#### YOUR TASK:
Could you retype every line below exactly, omitting the images?

Image-text web data:
══════════════════════════════
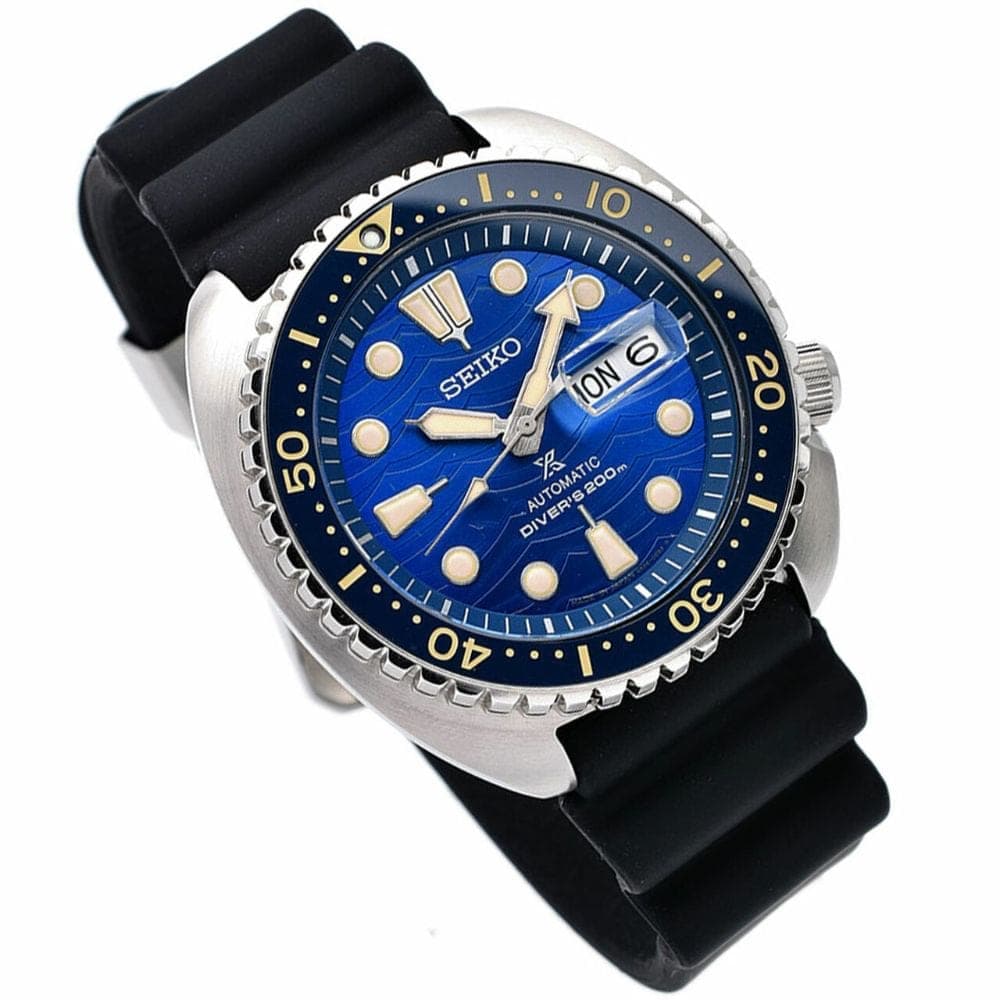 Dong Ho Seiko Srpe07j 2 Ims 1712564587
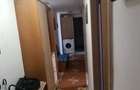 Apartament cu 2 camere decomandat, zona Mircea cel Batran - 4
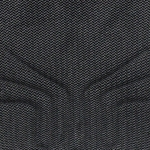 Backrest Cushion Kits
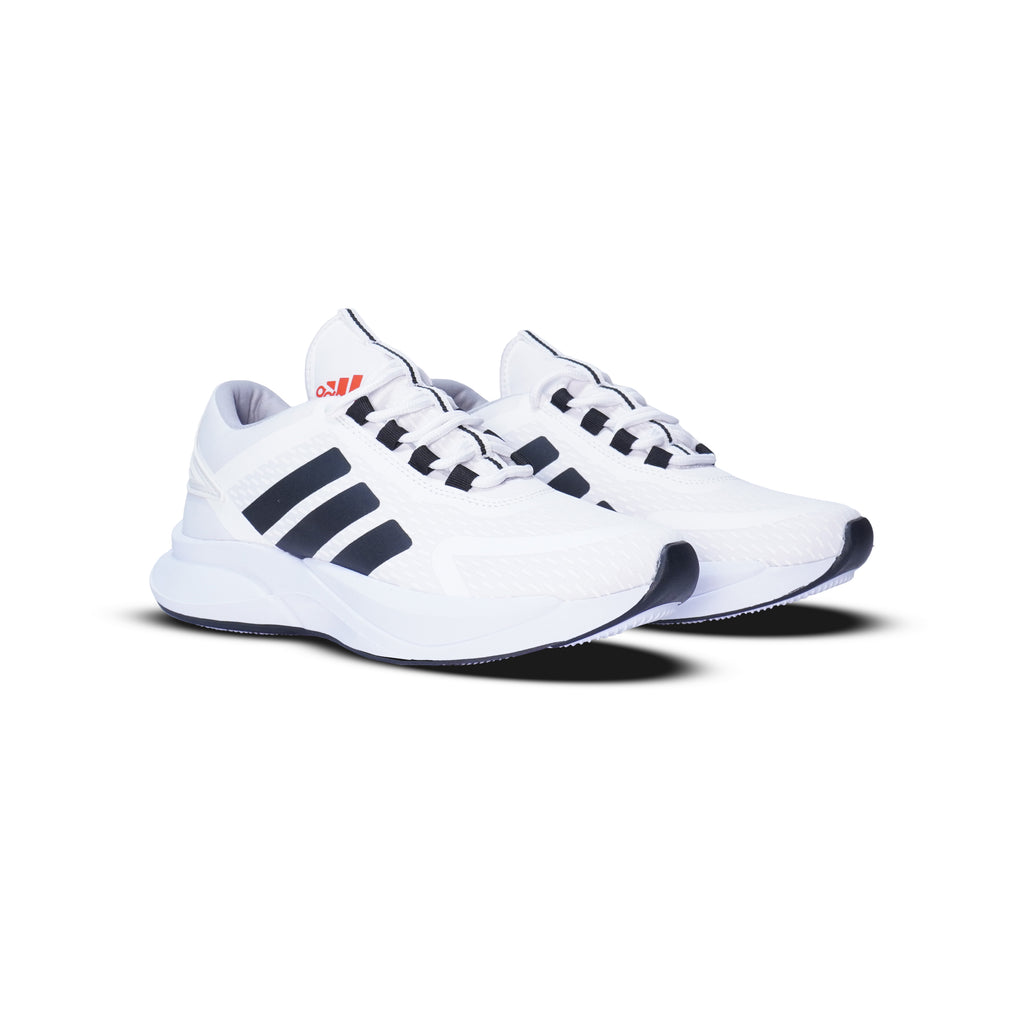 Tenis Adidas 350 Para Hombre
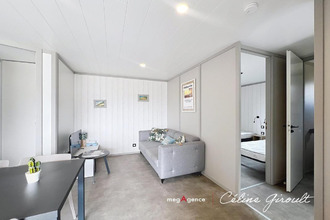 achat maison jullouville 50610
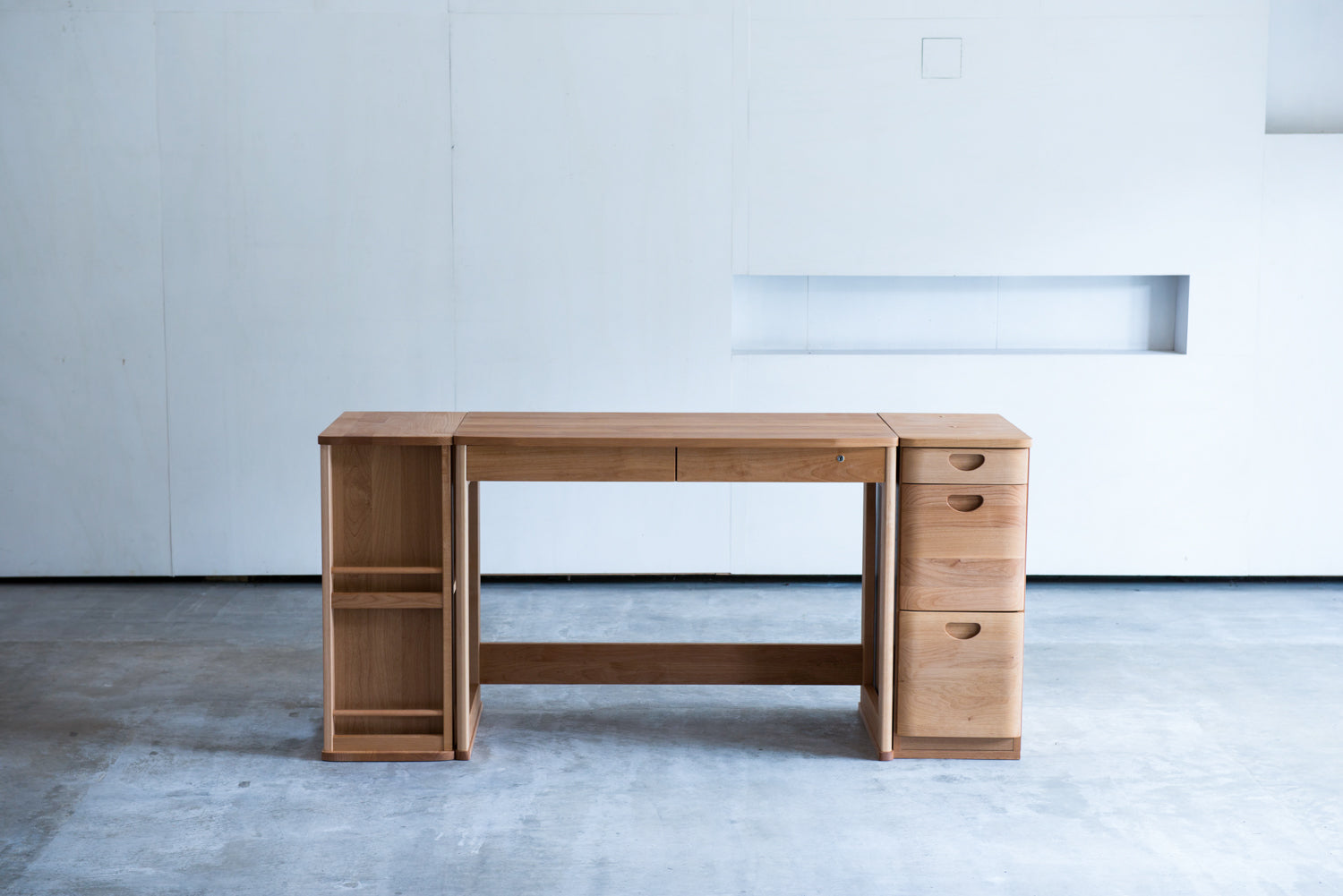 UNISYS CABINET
══════════════════════════════
#### EXERCISE RESPONSE:
 Dong Ho Seiko Srpe07j 2 Ims 1712564587
 Apartament cu 2 camere decomandat, zona Mircea cel Batran - 4
 Backrest Cushion Kits
 Tenis Adidas 350 Para Hombre
 achat maison jullouville 50610
 UNISYS CABINET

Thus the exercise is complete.